After the 2013-14 season, the Phoenix Suns were everybody’s favorite upstart. The unlikely chemistry between super-fast guards Eric Bledsoe and Goran Dragic was the engine behind a team that went from top-of-the-lottery candidate to barely missing the playoffs. Emboldened by that unlikely success, Suns GM Ryan McDonough doubled down on the point guard strategy and signed Isaiah Thomas away from the Sacramento Kings on a bargain deal. But it all unraveled half a season later, and Thomas was traded for greener pastures in Boston.
Now the Suns have lost all of that 2014 momentum, and they’ve been one of the worst teams in the NBA. Asked by Phoenix radio hosts what he would have done differently with the benefit of hindsight, McDonough expressed regrets about Thomas, but maybe not the ones you were expecting.
“I think in retrospect trading Isaiah Thomas when we did was a mistake,” he said of last season’s trade deadline deal with the Boston Celtics. “I think sometimes in the recruitment process things sound better in July (luring Thomas in free agency) than they do in November.
“He wanted more, he wanted a bigger role and I understand why: He’s a talented player,” McDonough added. “In retrospect, we should have carried him into the summer.

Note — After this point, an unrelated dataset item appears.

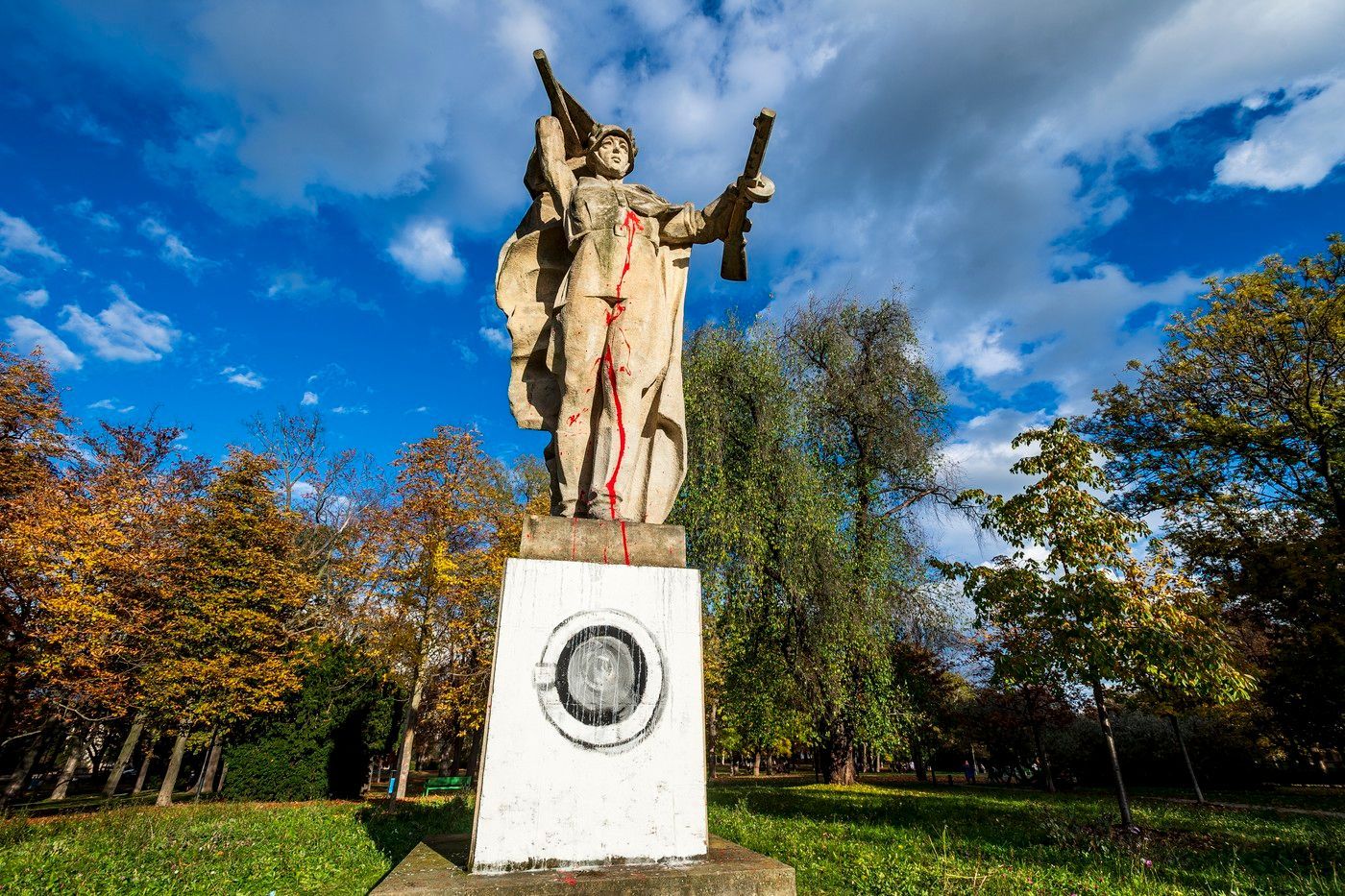 Litoměřice socha rudoarmějec pračka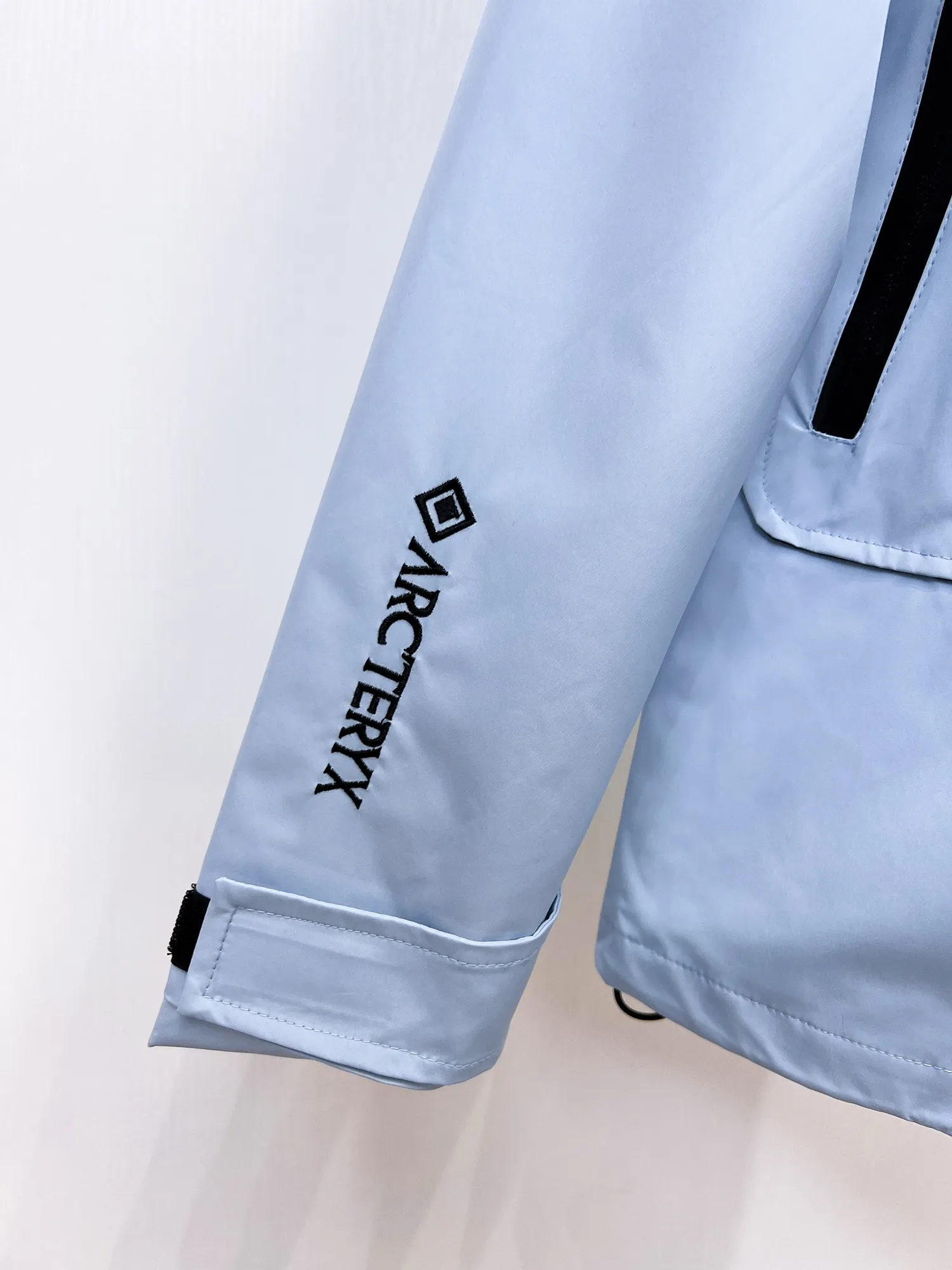 Same Style， ， 2026 New Arrival ，Original Premium Breathable ， ， ， Quality。 ， Sizes：M～3XL，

If there’s one (decision) that stands out, if I could get a mulligan, that’d be it.”
For a quality player like Thomas on an extremely cheap deal, the Suns’ haul was disappointing — the Cavaliers’ first round pick in this upcoming draft, almost certain to be near the back end, and Marcus Thornton. It’s understandable that McDonough has regrets, but instead he might wonder if he should have signed Thomas at all.
Chemistry’s a fickle thing, and Thomas’ acquisition and subsequent gripes about playing time were some of the first signs that the Suns didn’t quite know what to do following their magical run in 2013-14. McDonough wanted to chase what worked, but in doing so, he upset the delicate balance of the team.
A year and a failed pursuit of LaMarcus Aldridge later, the Suns are in the rebuilding mode everyone thought they’d experience two years ago. If McDonough had held off on trading Thomas until the summer, would an improved return have changed Phoenix’s fate that much?
One thing’s for sure: The Suns are a long way from the charming upstarts they once were, and McDonough is left to stew on just where it went wrong.